It’s a move that could cost you for years to come.
Although 401(k) plans make saving for retirement easy, there’s a reason some people aren’t a fan. You may not love the fact that your 401(k) won’t let you buy individual stocks for your retirement. And you may not be happy with the limited fund choices you’re given — especially if you’re someone who likes to have a say over your investments.
You may also be unhappy with the administrative fees your 401(k) plan charges. It’s common for 401(k)s to charge administrative fees in the ballpark of 0.5% to 2%. But if your plan is at the higher end of that range, it may not sit well with you.
There’s no rule stating that you have to save for retirement in a 401(k) just because your employer makes one of these plans available to you. But if you skip the 401(k) when there’s a company match involved, you might end up kicking yourself down the line.
Giving up free money is a poor choice
Of the different 401(k) mistakes you might make, like investing your savings too conservatively or failing to pay attention to the fees your investments are charging, passing up an employer match is hands down the biggest one.
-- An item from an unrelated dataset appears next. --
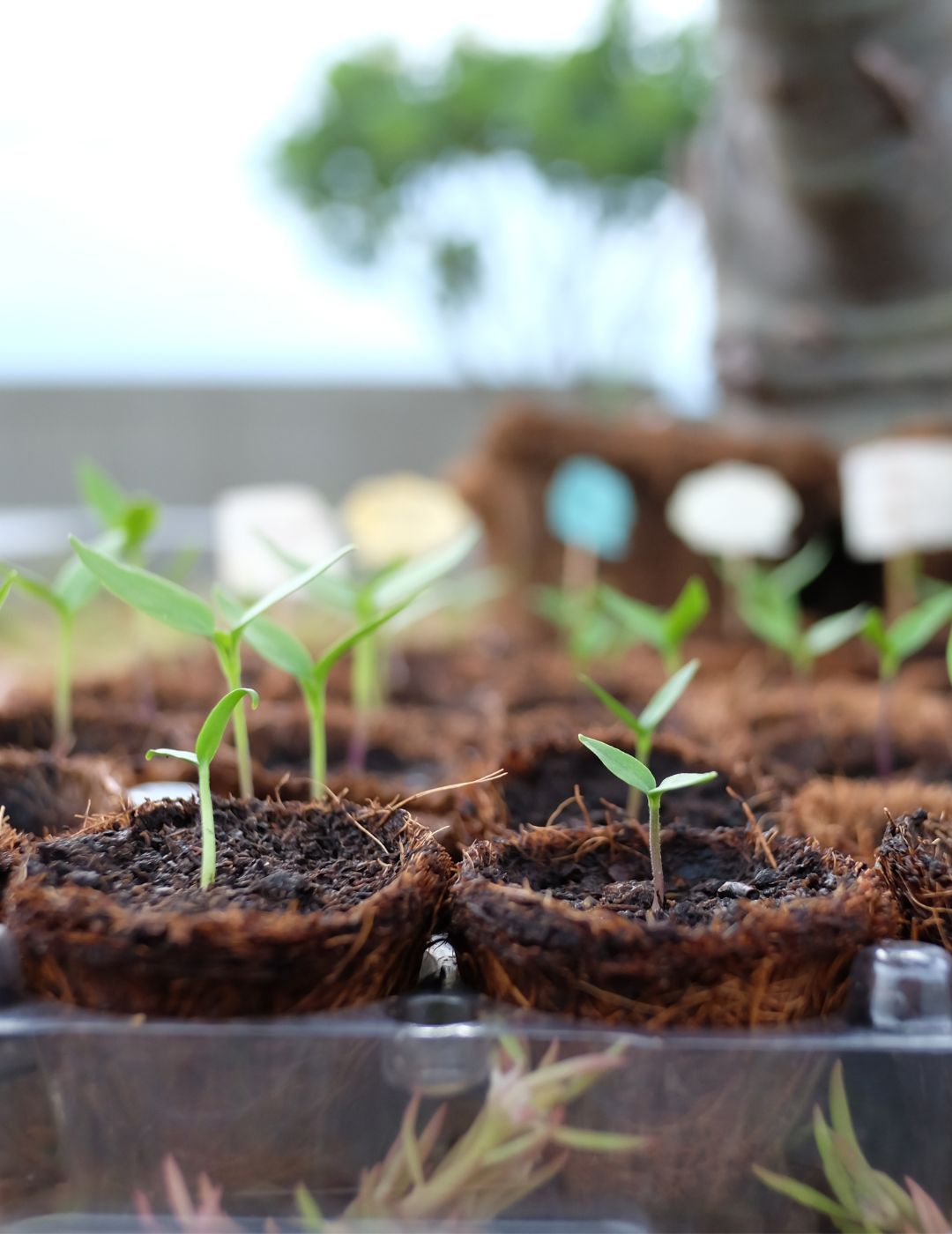 Mr Fothergill's 6cm Coco Fibre Pot Greenhouse Kit (16 Pots)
When you give up an employer match, you don’t just lose out on free money. You also lose out on the chance to invest that money and grow it into a larger sum.
Let’s say you give your company’s 401(k) plan a pass, and in doing so, give up a $2,500 employer match this year. You might think $2,500 won’t make a huge difference in the grand scheme of your retirement. And maybe it won’t.
But if you’re 25 years old and aren’t retiring for another 40 years, you’re also giving up four decades of gains on that $2,500. If your 401(k) generates an average annual 8% return, which is a bit below the stock market’s average, then that missing $2,500 will actually end up costing you over $54,000. That’s a bigger deal.
Never say no to a 401(k) match
Vanguard reports that 50% of its 401(k) plans provided a matching contribution in 2023, while 36% of its plans had both a matching and a nonmatching employer contribution. In other words, employer matches are common in 401(k)s. So before you forgo the opportunity to contribute to your workplace plan, see if there’s a match involved — and take it.
You can put the rest of your retirement savings into an IRA if you find that that’s a more cost-effective option from a fee standpoint. And if you feel strongly that you’d rather choose your own stocks than get stuck investing in an index or mutual fund, then by all means, go for that IRA.
But fund your 401(k) up to your employer match first so that you’re able to get your hands on all the free money you’re eligible for. You never know when passing up a few thousand dollars might leave you with a serious financial shortfall later in life.